◆ Task item
Using the listing below, give again exactly the lines from the line with "Carter's Purple Fleece" to the line with "Persona tono piel", inclusive, without the pictures.

◆ Provided data
-----

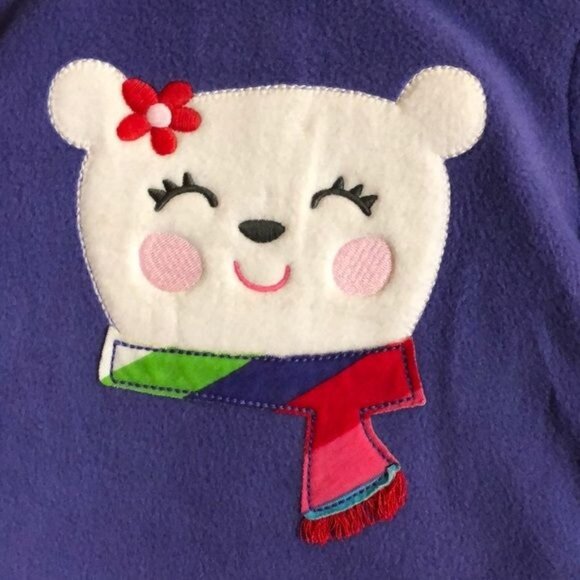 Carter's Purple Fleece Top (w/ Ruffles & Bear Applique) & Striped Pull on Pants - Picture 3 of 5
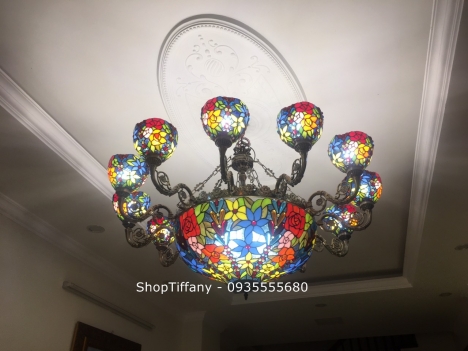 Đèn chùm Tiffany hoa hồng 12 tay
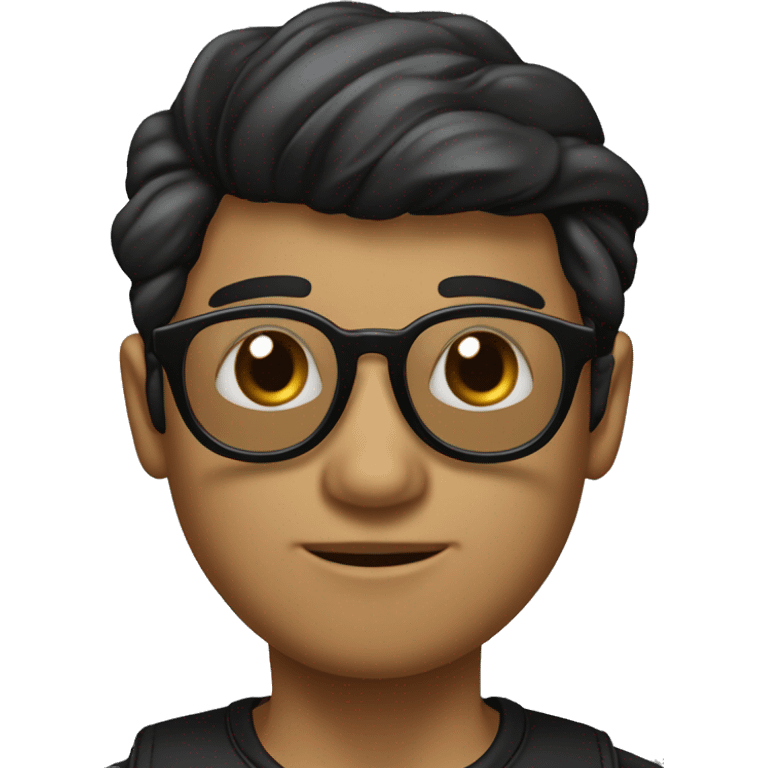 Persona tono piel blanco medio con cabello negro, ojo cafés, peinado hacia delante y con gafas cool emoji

-----

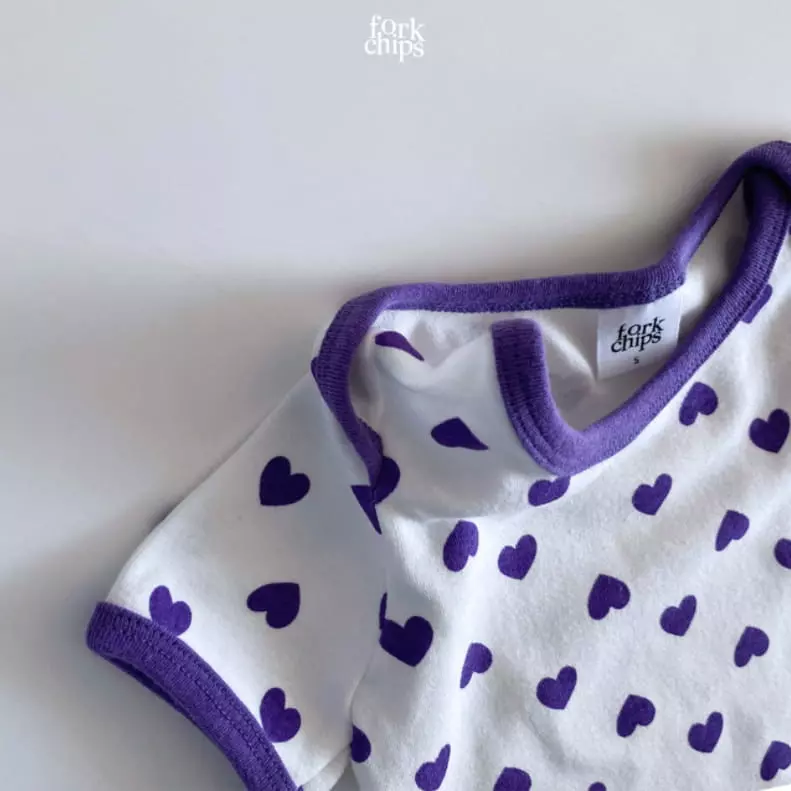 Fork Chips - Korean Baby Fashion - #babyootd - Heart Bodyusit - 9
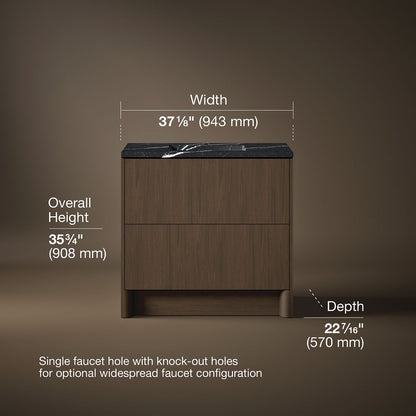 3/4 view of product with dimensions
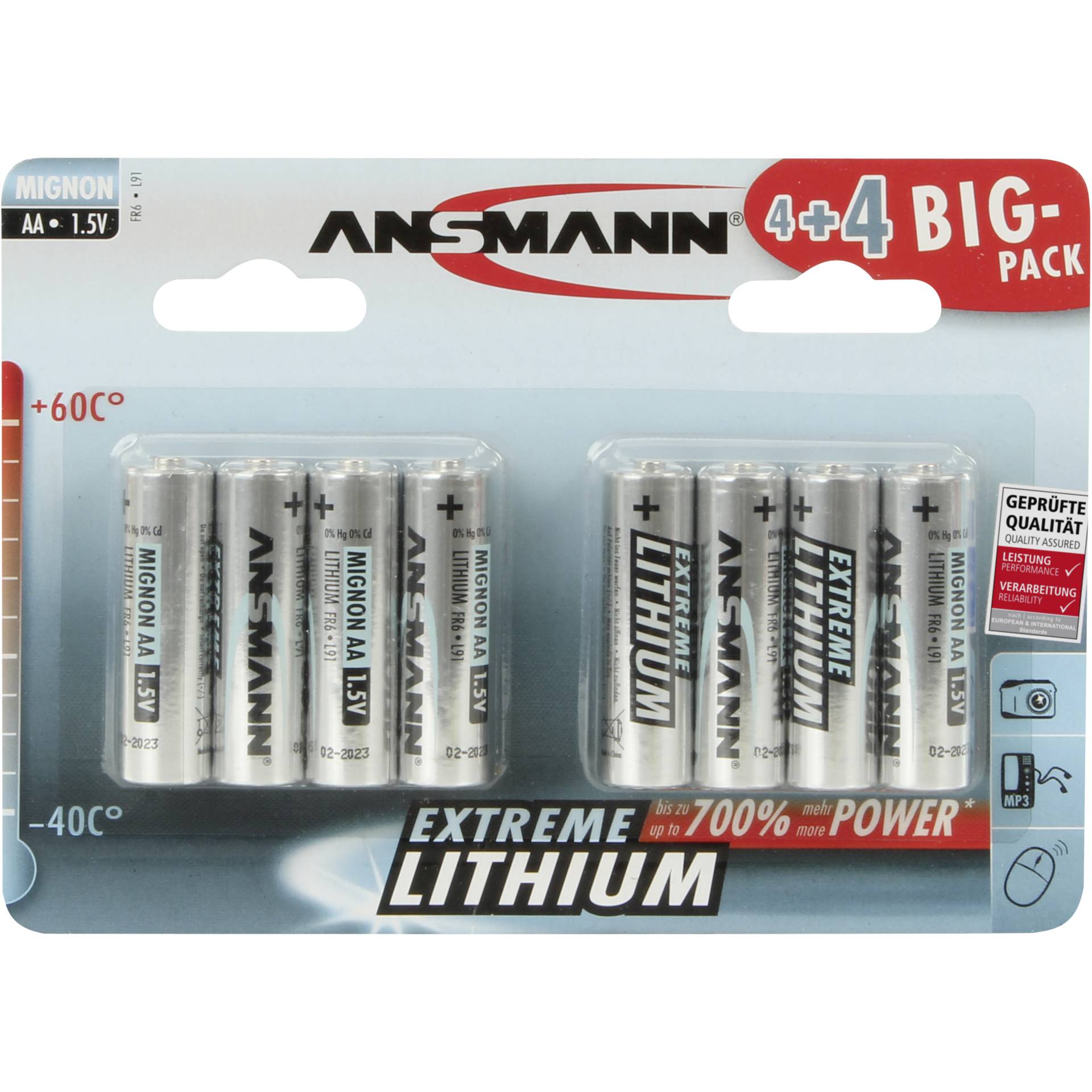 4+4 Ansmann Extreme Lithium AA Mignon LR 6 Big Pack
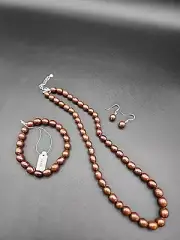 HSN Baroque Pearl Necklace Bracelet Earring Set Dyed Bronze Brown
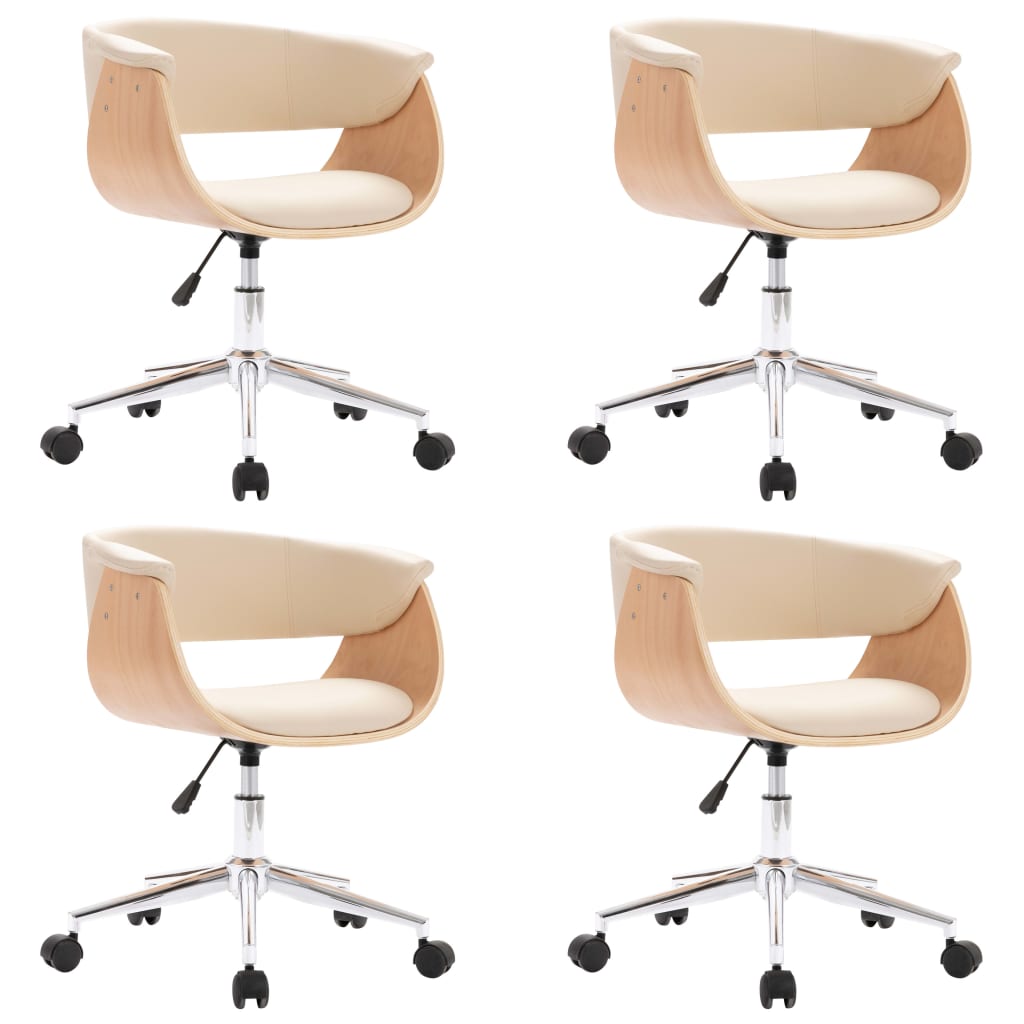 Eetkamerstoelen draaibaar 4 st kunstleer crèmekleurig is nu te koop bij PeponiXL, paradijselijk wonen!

-----

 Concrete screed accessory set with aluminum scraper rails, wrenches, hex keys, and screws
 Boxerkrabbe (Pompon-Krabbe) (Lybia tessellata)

-----

◆ Answer section
 Carter's Purple Fleece Top (w/ Ruffles & Bear Applique) & Striped Pull on Pants - Picture 3 of 5
 Đèn chùm Tiffany hoa hồng 12 tay
 Persona tono piel blanco medio con cabello negro, ojo cafés, peinado hacia delante y con gafas cool emoji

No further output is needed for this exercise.